Binary installers for the latest released version are available at the Python Package Index (PyPI).

# with PyPI
pip install spark-sdk

Dependencies

Installation from sources

To install spark-sdk from source you need Cython in addition to the normal dependencies above.
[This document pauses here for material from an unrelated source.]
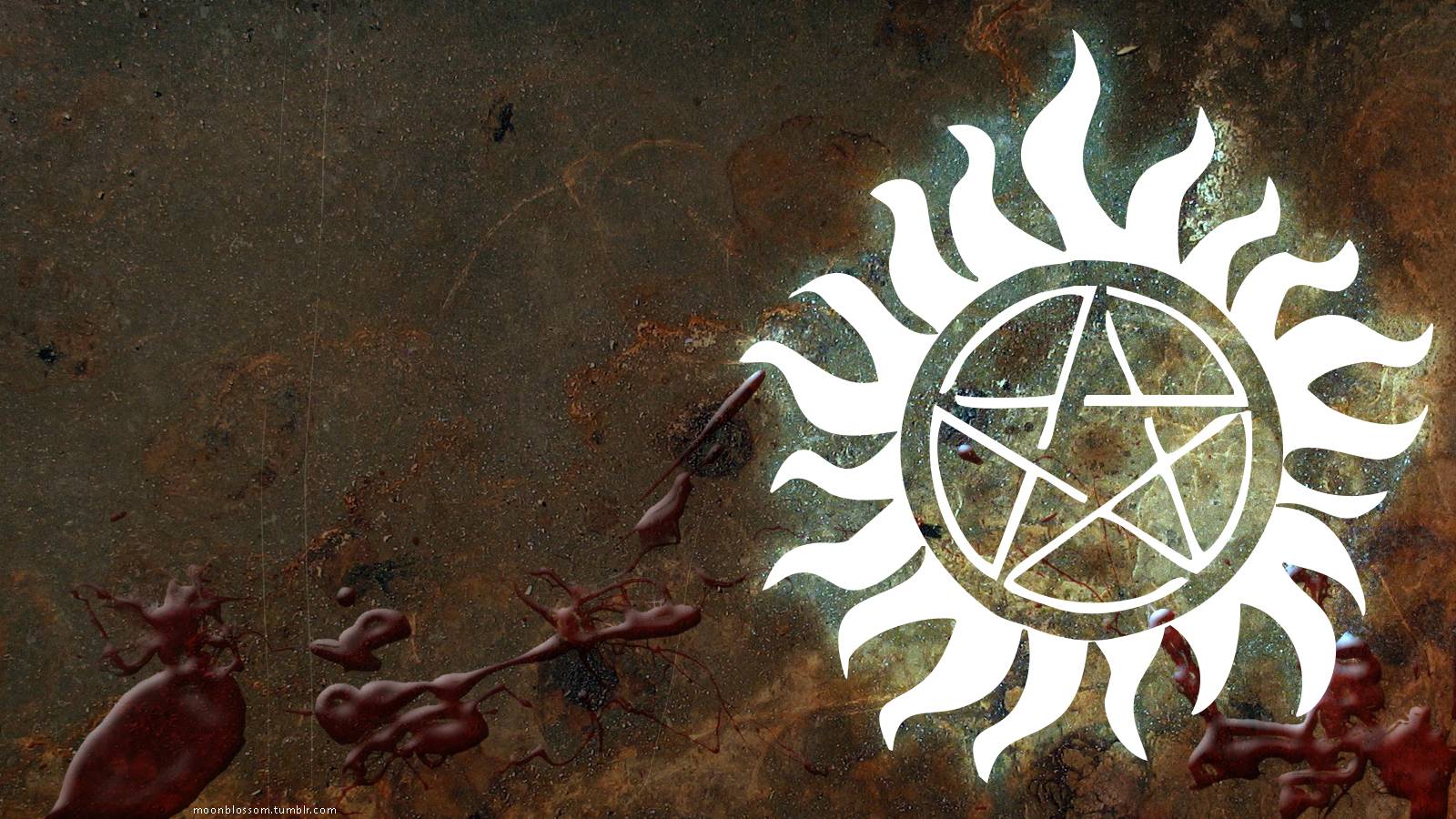 Supernatural Backgrounds Wallpaper Cave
Cython can be installed from PyPI:

pip install cython

In the spark-sdk directory (same one where you found this file after cloning the git repo), execute:

python setup.py install

Get Spark

import spark_sdk as ss
spark = ss.PySpark(yarn=False, num_executors=4, driver_memory='8G').spark

# Yarn mode
spark = ss.PySpark(yarn=True, driver_memory='2G', num_executors=4, executor_memory='4G').spark

# Add more spark config
spark = ss.PySpark(yarn=False, driver_memory='8G', num_executors=4, executor_memory='4G',
                  add_on_config1=("spark.sql.catalog.spark_catalog","org.apache.spark.sql.delta.catalog.DeltaCatalog"),
                  add_on_config2=('spark.databricks.delta.retentionDurationCheck.enabled', 'false')
                  ).spark

Store data to dwh

# step 1 read data
ELT_DATE = '2021-12-01'
ELT_STR = ELT_DATE[:7]
import pandas as pd
df1 = pd.read_csv('./data.csv', sep='\t')


import spark_sdk as ss

# function to store to dwh
df1.to_dwh(    
    hdfs_path="path/to/data/test1.parquet/", # path hdfs
    partition_by="m", # column time want to partition
    partition_date=ELT_DATE, # partition date
    database="database_name", # database name
    table_name="test1", # table name
    repartition=True
)

Function to read from dwh

# method 1: using pandas
import spark_sdk as ss
import pandas as pd

pandas_df = pd.read_dwh('database.table_name', filters="""m='2022-04-01'""")

# method 2: sql
sparkDF = ss.sql("""
SELECT *
FROM database_name.table1
WHERE m='2022-04-01'
""")

df = sparkDF.toPandas()


# method 3: read_table
sparkDF = ss.read_table('database_name.table')
sparkDF = sparkDF.filter("m == '2022-04-01'")

df = sparkDF.toPandas()


# IF got error timestamp out of range
sparkDF = ss.limit_timestamp(sparkDF).toPandas()

# IF YOU WANT TO DELETE DATA
# Link hdfs_file to table
# When to drop it also delete data
ss.drop_table_and_delete_data('database_name.test1')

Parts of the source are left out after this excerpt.